— SUPPLIED MATERIAL —
__________________________________________________

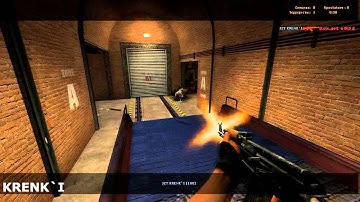 OLD CSS : FRAGSHOW KRENK`I #4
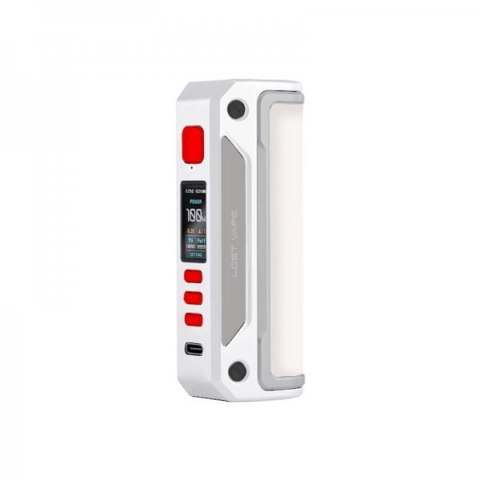 Mod Lost Vape - Thelema Solo 100W Mod Lost Vape - Thelema Solo 100W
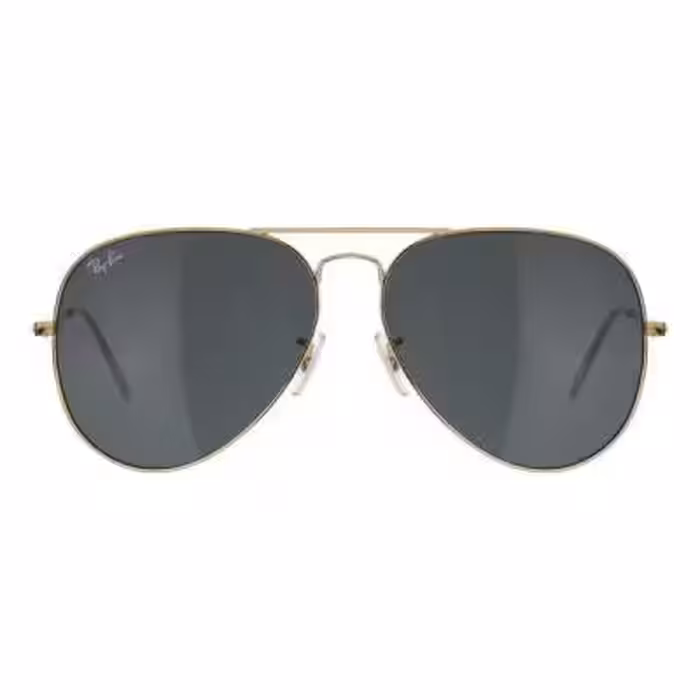 عینک آفتابی مردانه ری بن مدل 3026-001/62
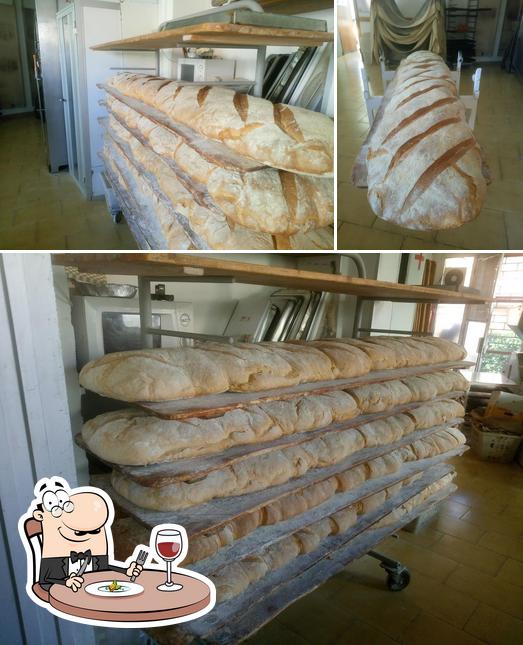 Dal Fornaio Panetteria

__________________________________________________

— WORK TASK —
When you reproduce the material, keep every word exact and leave each picture out.

— ANSWER TO THIS PROBLEM —
 OLD CSS : FRAGSHOW KRENK`I #4
 Mod Lost Vape - Thelema Solo 100W Mod Lost Vape - Thelema Solo 100W
 عینک آفتابی مردانه ری بن مدل 3026-001/62
 Dal Fornaio Panetteria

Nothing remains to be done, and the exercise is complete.